Aiming for a Star risks taking your feet off the Earth


A quick tour of the new OnStar European command centre in Luton, England, sounded echoes of the well-established global base of the Renaissance Center in Detroit except, as yet, without the sort of manpower the older centre can boast.

Yet, the ultimate initial launch staffing target of around 70 call centre advisors clearly illustrates GM’s conviction that the OnStar service will find a happy home among customers of its Vauxhall and Opel European brands.

And the service provides most of the functionality you will find in the US including:

·         24/7 call-up assist within a 15 second timeframe;

·         Sat-nav downloads to voice requested destination;

·         Remote vehicle diagnostics on request;

·         In-car wi-fi hotspot connection for up to seven devices;

·         Connects to smartphones via both Android Auto and Apple CarPlay;

·         Rapid breakdown vehicle recovery;

·         Up-to-date monthly vehicle diagnostics reports;

·         Privacy, no GPS tracking, mode;

·         Emergency accident call-out which overrides the privacy setting.
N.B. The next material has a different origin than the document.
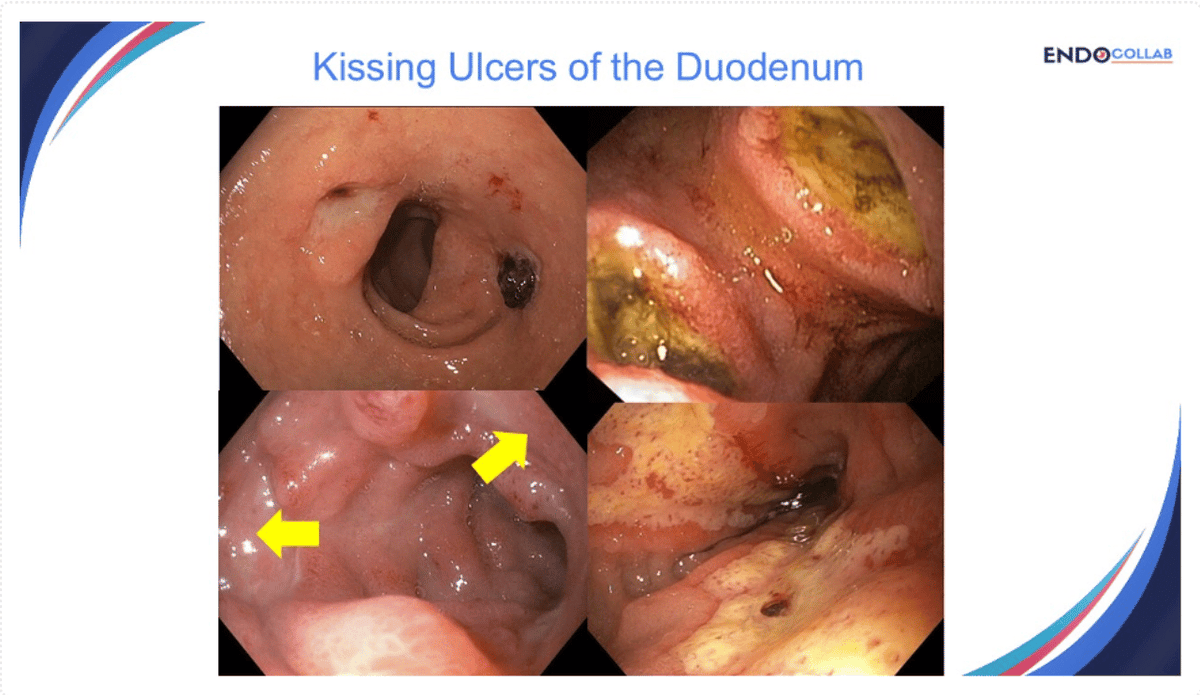 The Practicing Endoscopist tweet media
It will also soon feature a remote connection smartphone app that allows:

·         Contact OnStar from anywhere;

·         Call up important vehicle data such as oil life or tyre pressure;

·         Remotely lock or unlock the car;

·         Locate the car online;

·         Sound the horn and flash the lights;

·         Download destinations to the in-car navigation system;

·         Manage the vehicle’s built-in Wi-Fi hotspot settings

With the European service having to cope with a coverage spanning 13 different countries, providing advisors able to handle up to eight different languages, the investment by GM is not insubstantial and Vauxhall-Opel executives are hoping for a 70% take-up from both corporate and individual customers.

We had the opportunity to test the fledgling service ahead of its launch this summer with a simple tour through the Bedfordshire countryside.

Journalists were told to simply press the blue OnStar button, read over an address to an advisor and then the sat-nav would download the address to the Vauxhall Insignia 2016 prototype test mule and away they went.

However, one likely-lad chose to test the advisor’s capabilities by offering only part of the pre-prescribed address, much as a normal user may do, only to have a destination downloaded that delivered him to a similarly named hotel, in a similarly named street in an entirely different town.

Perhaps more worrying was that even on the correct route, the car’s factory loaded maps were already out of date and failed to recognise a roundabout reconstruction completed to the M1 main arterial highway some six weeks earlier.

And here’s the rub – while the control centre affords the customer with a friendly voice to help with a multitude of personal requests, that advisor is still unable to update the car’s sat-nav map which, naturally, is obsolete the moment the car drives out of the factory.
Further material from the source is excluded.